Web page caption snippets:
□ □ □ □ □ □ □

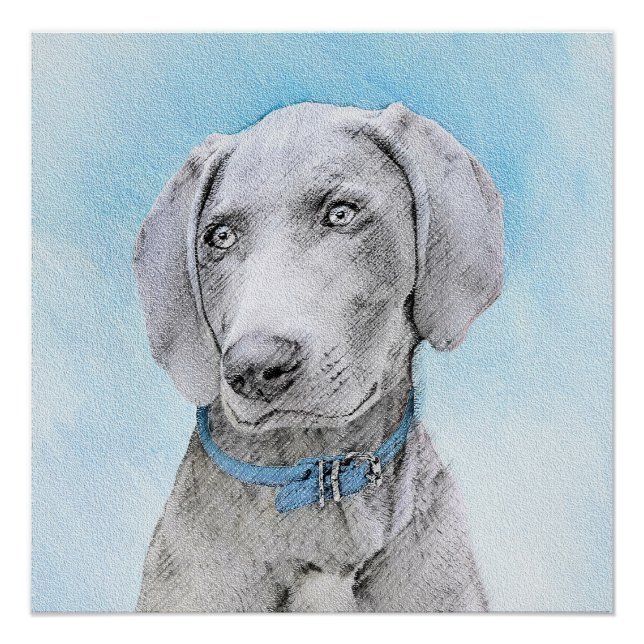 Póster Pintura de Weimaraner - Arte de Perro Original. (Anverso)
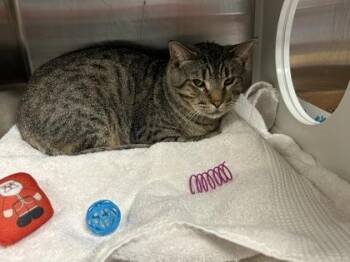 Domestic Short Hair Cats Available for Adoption in Kansas City, Missouri - Pistachio | PetCurious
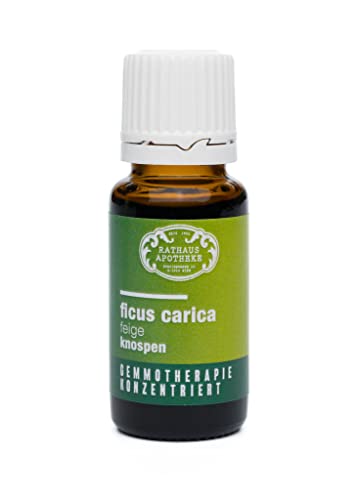 RATHAUS APOTHEKE WIEN Extrait de bourgeons concentré - Gemmothérapie - Ficus carica - Le figuier - 15 ml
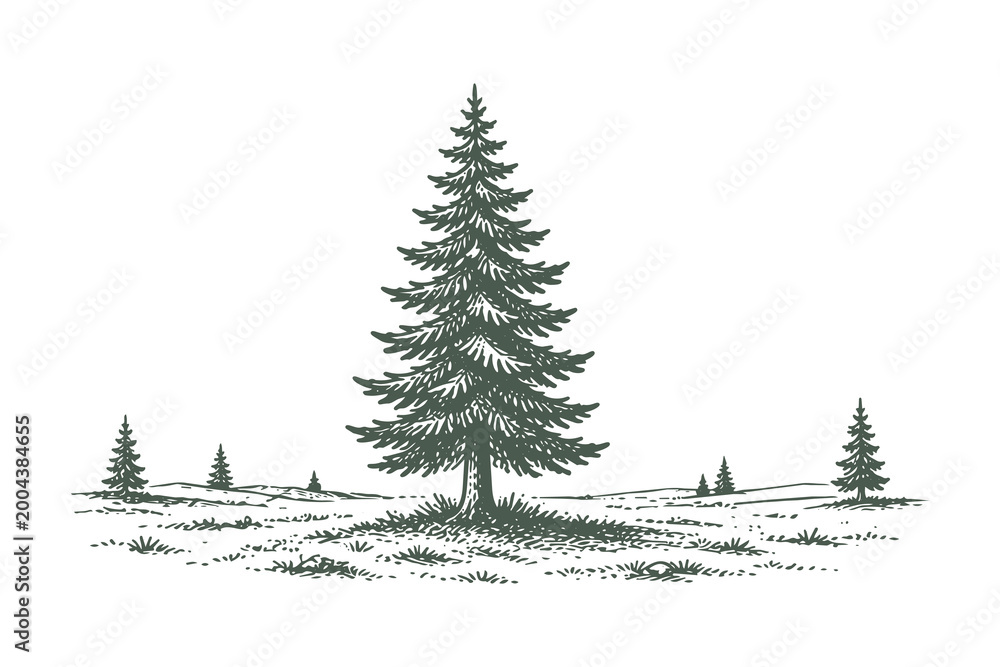 Fototapeta premium Single Symmetrical Pine Tree in Open Field, Detailed Engraving Style Vector Illustration, Minimalist Evergreen Botanical Element for Nature Branding.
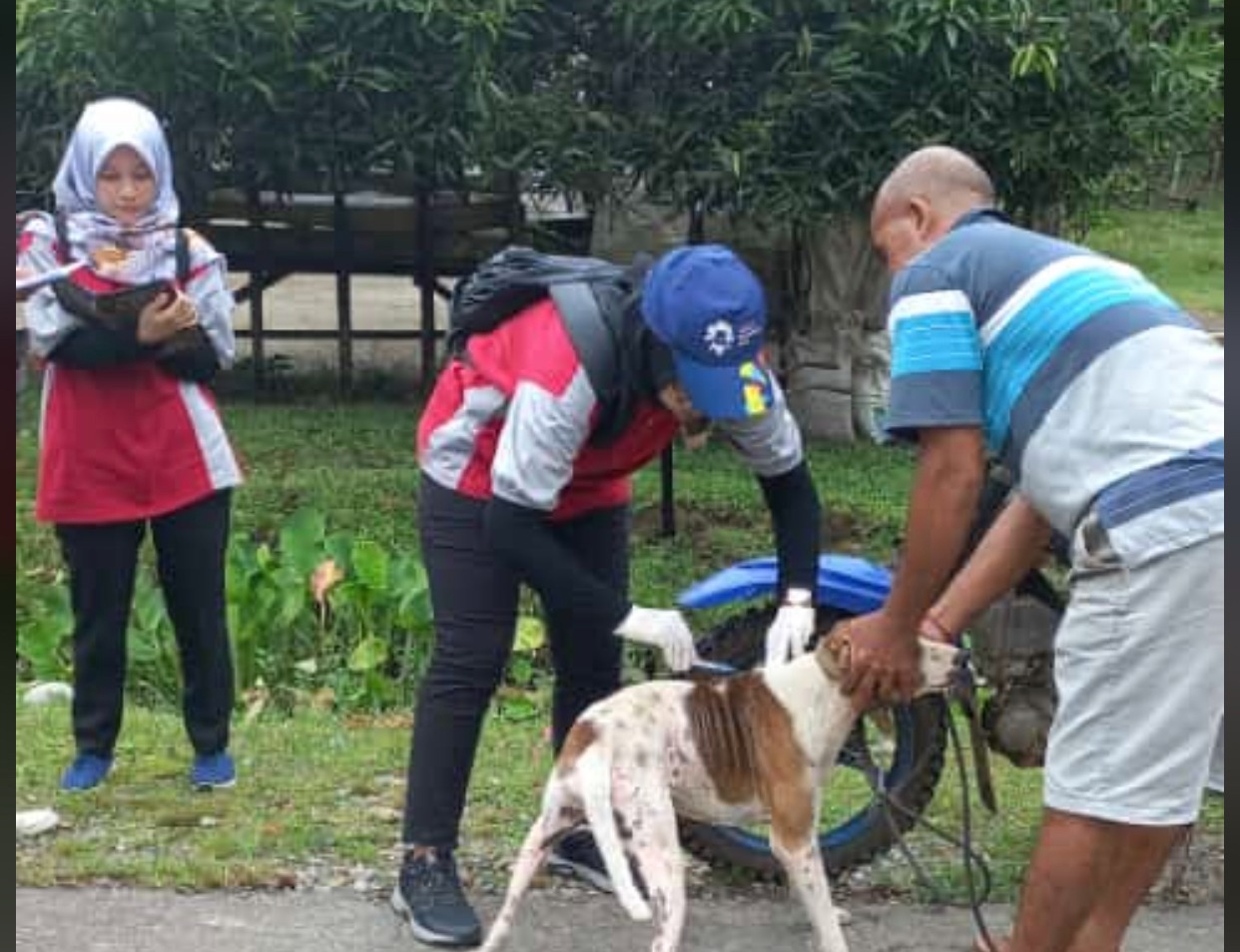 Waspada, Januari Sampai Agustus 2023 Terdata 54 Kasus Rabies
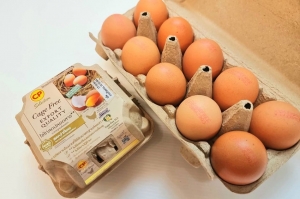 ซีพีเอฟ เพิ่มการผลิตไข่ไก่ Cage Free ตอบโจทย์ผู้บริโภคใส่ใจสุขภาพ และเป็นมิตรต่อสิ่งแวดล้อม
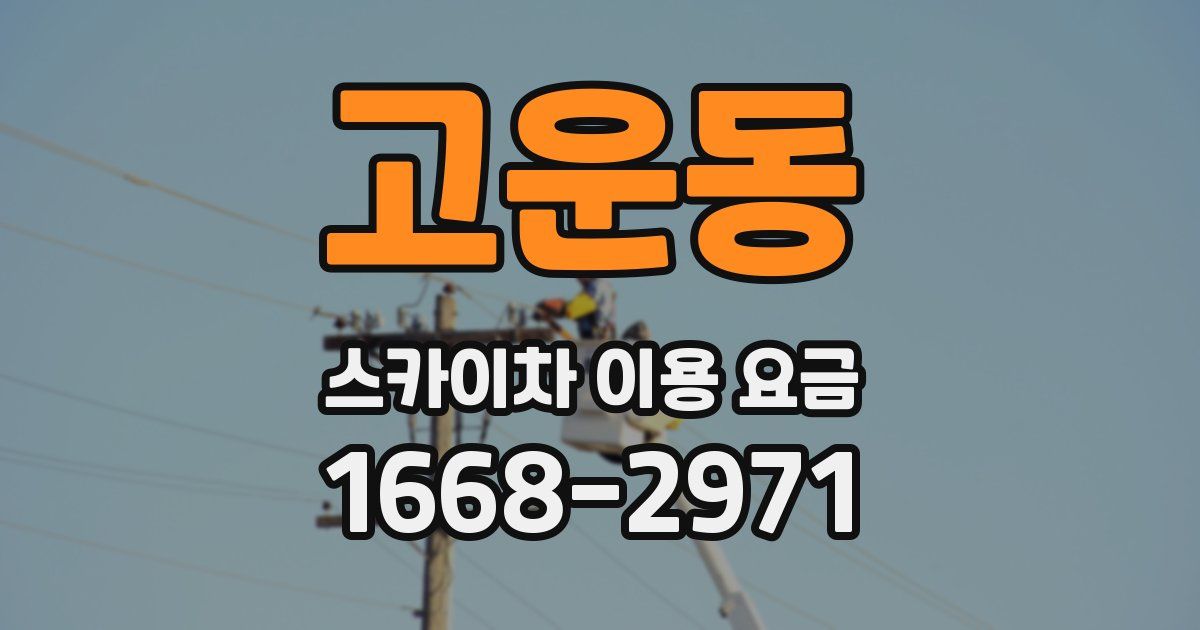 고운동 스카이차 이용 요금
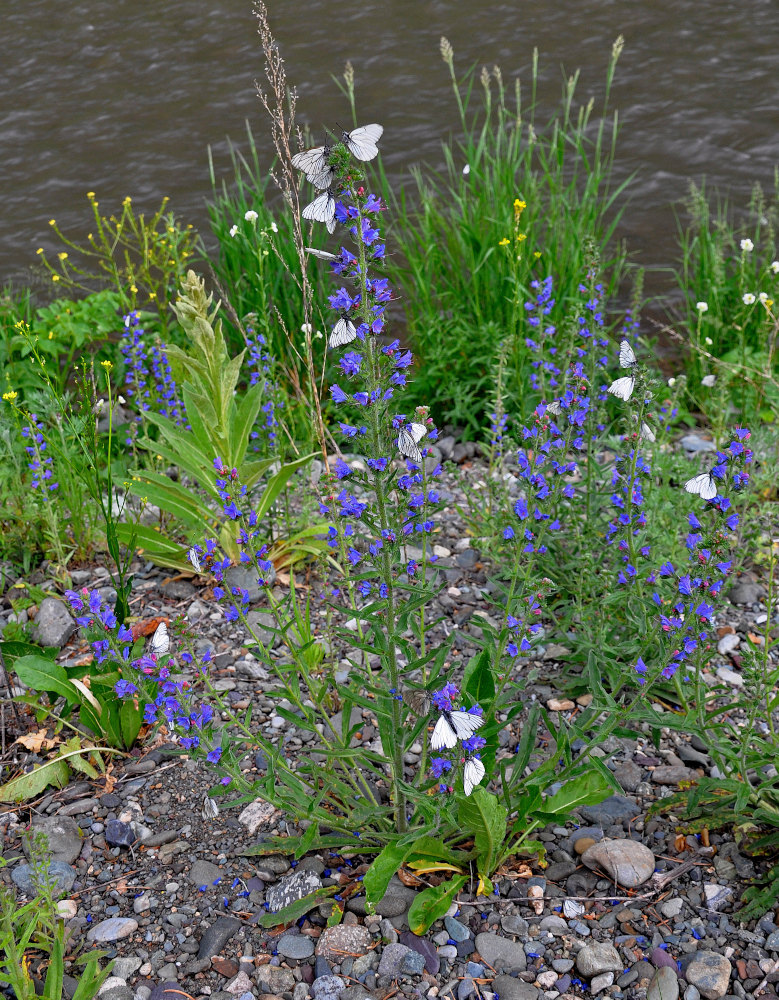 Изображение особи Echium vulgare.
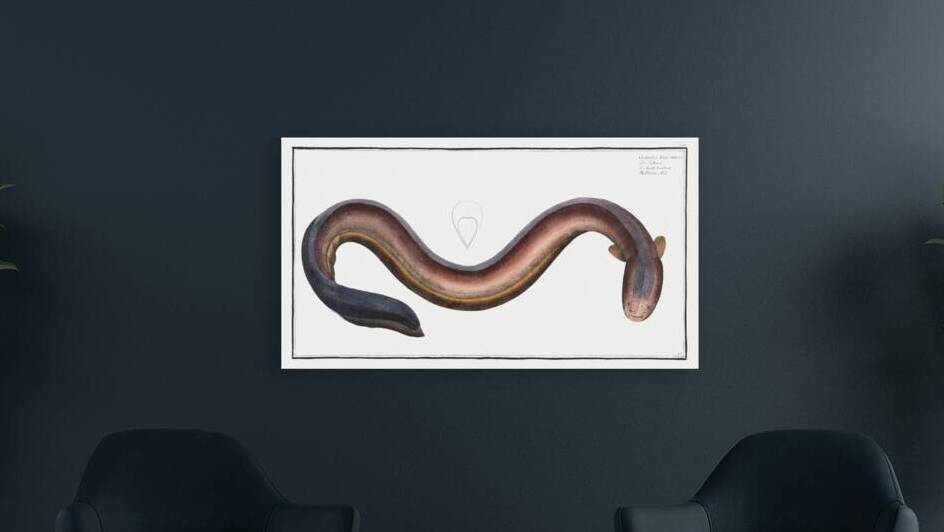 Electric-Eel Gymnotus Electricus by IStockHistory com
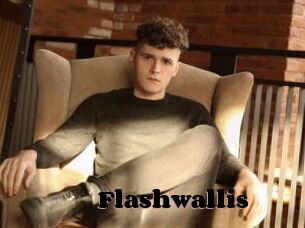 Flashwallis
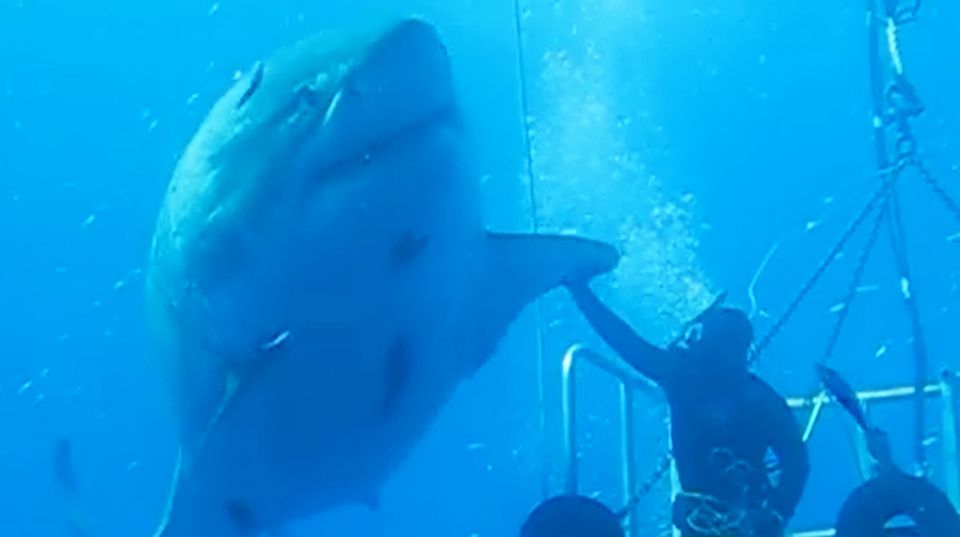 Riesenhai-Deep-Blue-vor-Guadalupe-in-Mexiko-gefilmt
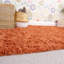 Anastyn Solid Colour Shag Area Rug-1576925045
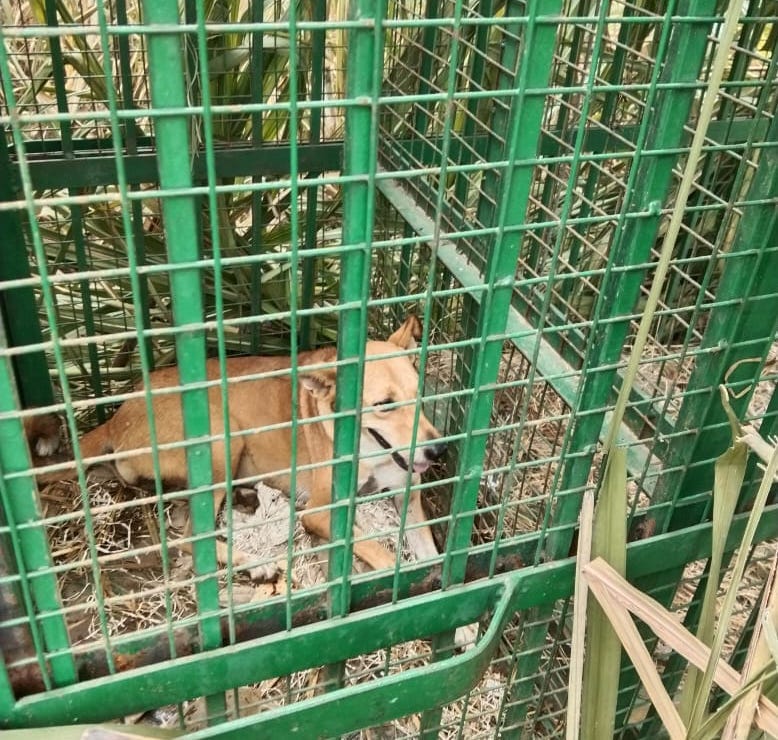 Guldar cubs sent to Lucknow zoo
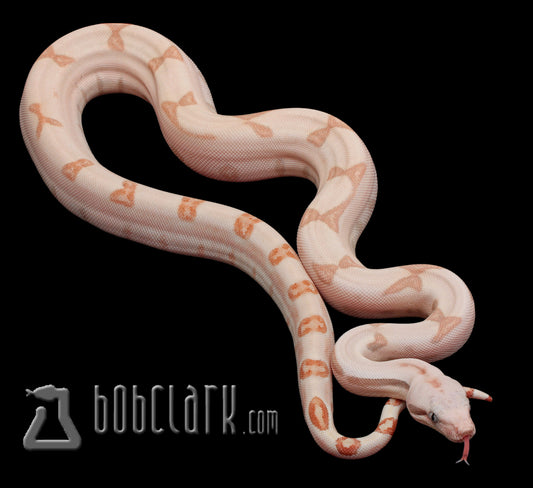 Hypo Labyrinth fire het VPI albino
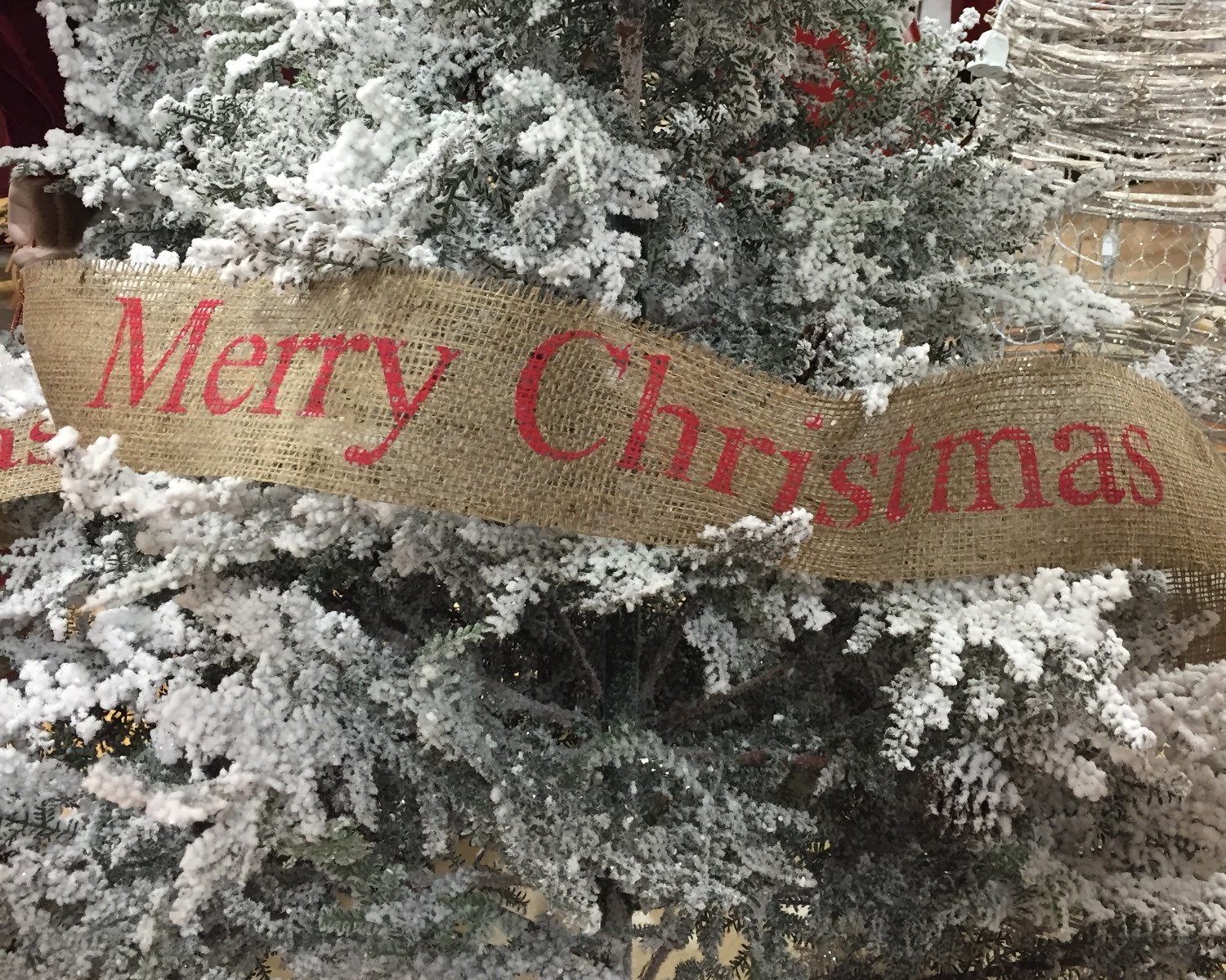 How to use burlap to wrap trees/plants for Christmas and winter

□ □ □ □ □ □ □

_What is required:_ Could you write out every record exactly, leaving the pictures out?

_Answer box:_
 Póster Pintura de Weimaraner - Arte de Perro Original. (Anverso)
 Domestic Short Hair Cats Available for Adoption in Kansas City, Missouri - Pistachio | PetCurious
 RATHAUS APOTHEKE WIEN Extrait de bourgeons concentré - Gemmothérapie - Ficus carica - Le figuier - 15 ml
 Fototapeta premium Single Symmetrical Pine Tree in Open Field, Detailed Engraving Style Vector Illustration, Minimalist Evergreen Botanical Element for Nature Branding.
 Waspada, Januari Sampai Agustus 2023 Terdata 54 Kasus Rabies
 ซีพีเอฟ เพิ่มการผลิตไข่ไก่ Cage Free ตอบโจทย์ผู้บริโภคใส่ใจสุขภาพ และเป็นมิตรต่อสิ่งแวดล้อม
 고운동 스카이차 이용 요금
 Изображение особи Echium vulgare.
 Electric-Eel Gymnotus Electricus by IStockHistory com
 Flashwallis
 Riesenhai-Deep-Blue-vor-Guadalupe-in-Mexiko-gefilmt
 Anastyn Solid Colour Shag Area Rug-1576925045
 Guldar cubs sent to Lucknow zoo
 Hypo Labyrinth fire het VPI albino
 How to use burlap to wrap trees/plants for Christmas and winter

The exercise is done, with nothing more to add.